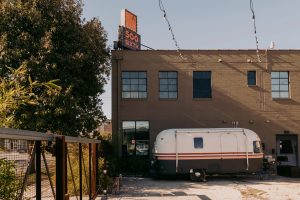 An exterior image of 500 Sixth where Form Studios is located
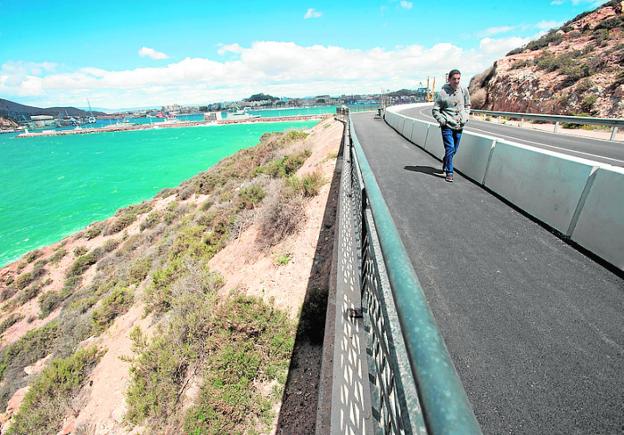 Un hombre pasea por la senda de Cala Cortina asfaltada./A. Gil / AGM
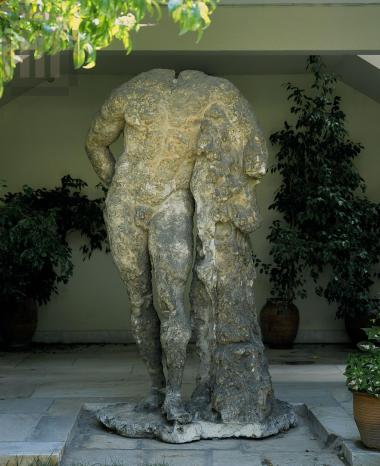 Άγαλμα Ηρακλή, τύπου Farnese.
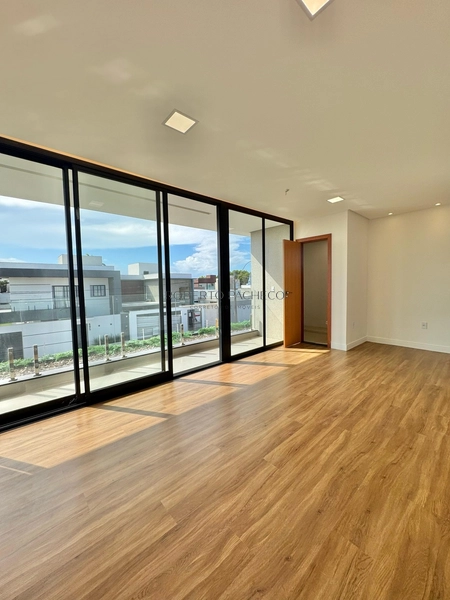 Casa duplex à venda: 24ª foto da galeria de imagens do imóvel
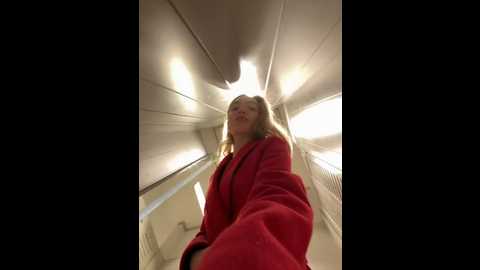 miss_elfie @ stripchat on 20241028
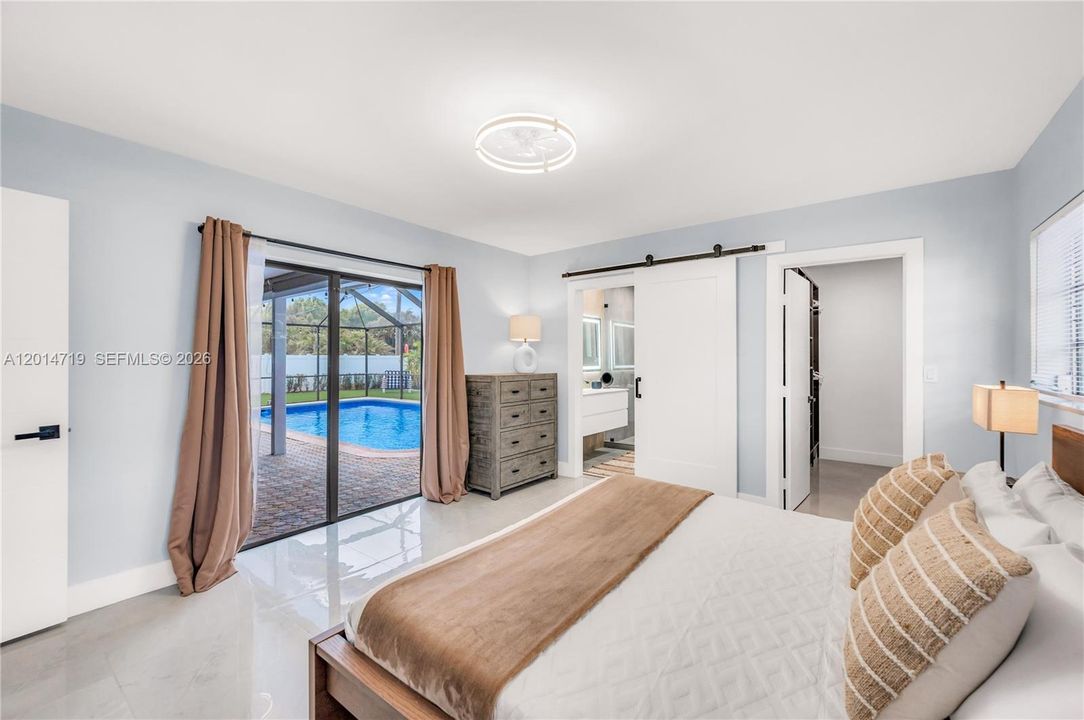 En Venta: $875,000 (3 camas, 3 baños, 1724 Pies cuadrados)
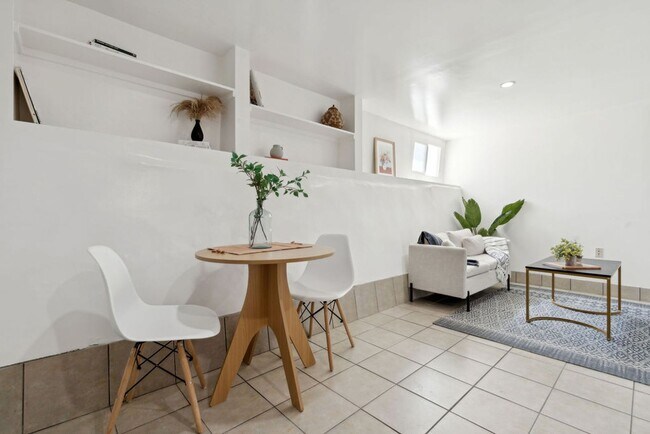 Building Photo - EPIC REA - Great Renovated ( all appliance...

Instructions for the task: In the records above, find the line that contains "En Venta: $875,000". Retype it and every line after it, exactly, leaving out all pictures.

Exercise response:
 En Venta: $875,000 (3 camas, 3 baños, 1724 Pies cuadrados)
 Building Photo - EPIC REA - Great Renovated ( all appliance...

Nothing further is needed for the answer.